Editing Jam takes a toll. Three weeks and nary a new post.

This blog has been neither forgotten nor ignored. But as editor of Jam magazine – I still want to say new editor, but three issues in I’m not sure that holds – I’m finding that every couple of months, a few weekends need to be handed over to producing the next issue. I have neither the time nor stamina to spend a weekend writing and editing articles for the magazine while simultaneously mustering pithy thoughts here.

This week’s post is short, as I recoup from last weekend’s 4 a.m. nights. But the result is worth the effort. The December/January Jam printed last week and is being distributed around town now. It’s far from perfected, but this issue comes closer to my vision for the magazine, which celebrates 30 years of publication in 2016. Jam is developing a new voice and a fresh look. I have found that even in this digital century, holding a slick printed document remains important to many.

I share the new issue’s cover to shamelessly promote it. That’s singer Eboni Fondren decked in Royals gear and standing on the small baseball diamond adjacent to the historic Paseo YMCA at 19th and The Paseo.

Clearly, the photo is inspired by the Royals’ World Series championship. But it works in part because in Kansas City, baseball and jazz have long been kissin’ cousins. In the 1920s and ’30s, when a new style of jazz was growing up in this city, the Kansas City Monarchs dominated baseball’s Negro Leagues and were as integral to the fabric of 18th and Vine as were music and vice. The Monarchs’ office stood on 18th Street, between The Paseo and Vine. They played in Municipal Stadium at 22nd and Brooklyn.

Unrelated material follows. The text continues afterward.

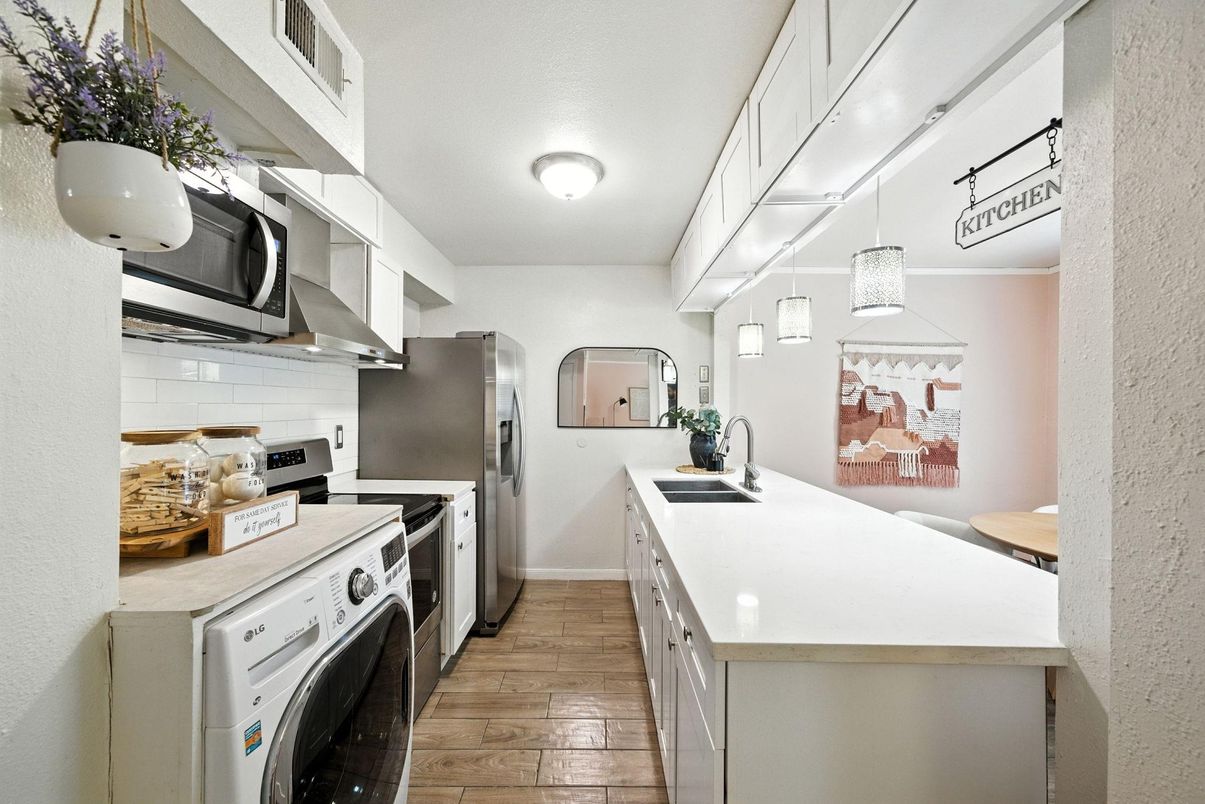 Interior, Kitchen, Wood Texture Flooring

The Negro Leagues fed the integration of baseball, and the integration of baseball is often cited as one key to the acceptance of integration in America. February will mark 96 years since the charter creating the Negro Baseball Leagues was signed at the Paseo YMCA, in 1920. I’ve long argued that the building deserves recognition as a National Historic Landmark.

Add September’s announcement on plans to build the nation’s seventh Major League Baseball Urban Youth Academy in Parade Park, behind the jazz and Negro Leagues museums. If the city can find a solution to taming crime in the district, and the devastating news stories that crime generates, this development will attract a new audience to Kansas City’s historic jazz district. It further strengthens Kansas City’s historic bonds between baseball and jazz.

But while baseball season has ended for this year, jazz continues. Diana Krall performed at the Midland on Saturday night. And Friday night, she sat in with Matt Otto at The Blue Room on his last set. That’s the kind of thing that doesn’t happen just anywhere. The loss of Take Five and The Broadway Jazz Club means fewer opportunities for musicians to perform. No question, it’s a setback. But the wealth of jazz talent in Kansas City today will keep the music thriving, and will keep performers like Diana Krall getting out when they visit to sample what we have going on.